Monday, February 25, 2013

The Zementis Partnership with Teradata

The partnership between Zementis and Teradata allows customers with a variety of data mining tools to efficiently deploy predictive models based on the Predictive Model Markup Language (PMML) standard. Focused on Big Data applications, the Universal PMML Plug-in (UPPI) for Teradata enables scalable execution of standards-based predictive analytics directly within the Teradata data warehouse.

To read more about the benefits of running your predictive solutions inside Teradata and Teradata Aster, please visit:

http://www.teradata.com/templates/Partners/PartnerProfile.aspx?id=12884902321

PMML Scoring

Zementis offers a range of products that make possible the deployment of predictive solutions and data mining models built in all the top commercial and open-source data mining vendors. Our products include the ADAPA Scoring Engine for real-time scoring and UPPI, which is currently available for a host of database platforms as well as Hadoop/Datameer. For a list of available platforms, please visit our in-database products page.

Rationale

Not all analytic tasks are born the same. If one is confronted with massive volumes of data that need to be scored on a regular basis, in-database scoring sounds like the logical thing to do. In all likelihood, the data in this case is already stored in a database and, with in-database scoring, there is no data movement. Data and models reside together hence scores and predictions flow on an accelerated pace

Friday, August 31, 2012

Zementis is proud to announce PMML 4.1 support

PMML 4.1, the latest version of the Predictive Model Markup Language, is loaded with new and powerful features.

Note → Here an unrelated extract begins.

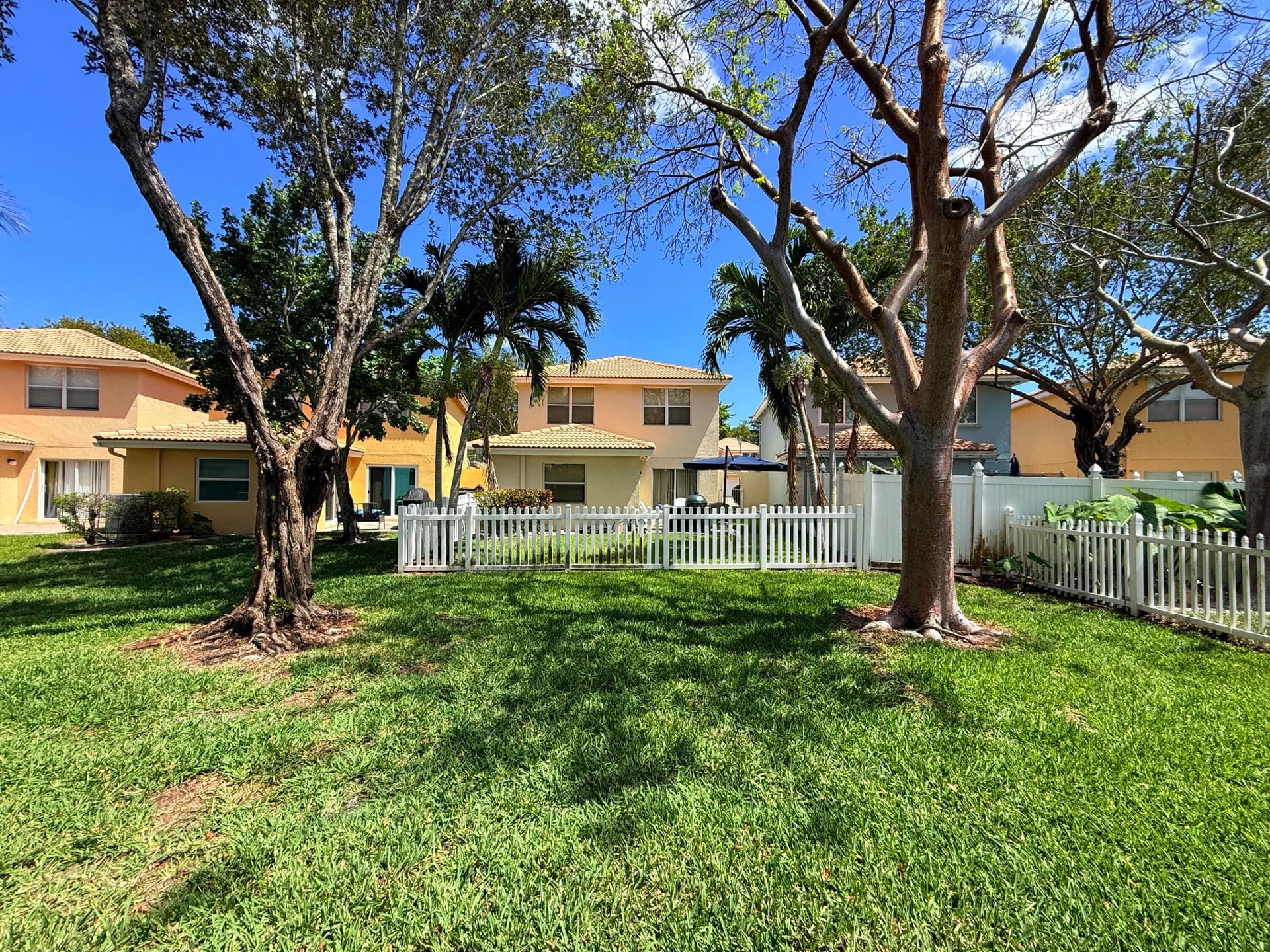  Residence photo 11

Zementis is proud to announce support for PMML 4.1 throughout its scoring products, including:

ADAPA on Site

ADAPA on the Cloud (Amazon and IBM SmartCloud)

UPPI for in-database scoring (IBM Netezza, SAP Sybase IQ, EMC Greenplum)

UPPI for Hadoop (Datameer).

We have also updated our PMML conversion process so that it now converts PMML files from older versions to version 4.1. In this way, every time a PMML file is presented to ADAPA or UPPI, it is automatically converted to PMML 4.1.

Our support for PMML 4.1 includes:

1) Scorecards (including reason or adverse codes and point allocation for complex attributes)

2) Post-processing: you can now transform scores into business decisions as well as output generic data manipulation steps

3) Multiple Models: a powerful and yet simpler way for the expression of model segmentation, composition, chaining and ensemble, which includes Random Forest models

4) Is the model scorable? The "isScorable" flag was added as a way to flag models not destined for production deployment, but that are nonetheless an important part of the model building cycle

5) New built-in functions (for pre- and post-processing).

With this new release and version update, ADAPA and UPPI can be used not only for deployment and execution of predictive solutions, but also for data analysis and processing before model training.

If you have any questions about PMML 4.1 and all the features supported in our products, please make sure to contact us or feel free to check out our PMML 4.1 forum for detailed support information.

Thursday, August 9, 2012

Agile Deployment of Predictive Analytics on Hadoop: Faster Insights through Open Standards

This joint Datameer/Zementis presentation given at the 2012 Hadoop Summit outlines the benefits of the PMML standard as key element of data science best practices and its application in the context of distributed processing. In a live demonstration, we showcase how Datameer and the Zementis Universal PMML Plug-in (UPPI) take advantage of a highly parallel Hadoop architecture to efficiently derive predictions from very large volumes of data.

Watch it now on YouTube:

http://www.youtube.com/watch?v=r_g99-kP_BE

Session Abstract:

While Hadoop provides an excellent platform for data aggregation and general analytics, it also can provide the right platform for advanced predictive analytics against vast amounts of data, preferably with low latency and in real-time. This drives the business need for comprehensive solutions that combine the aspects of big data with an agile integration of data mining models. Facilitating this convergence is the Predictive Model Markup Language (PMML), a vendor-independent standard to represent and exchange data mining models that is supported by all major data mining vendors and open source tools (see figure below).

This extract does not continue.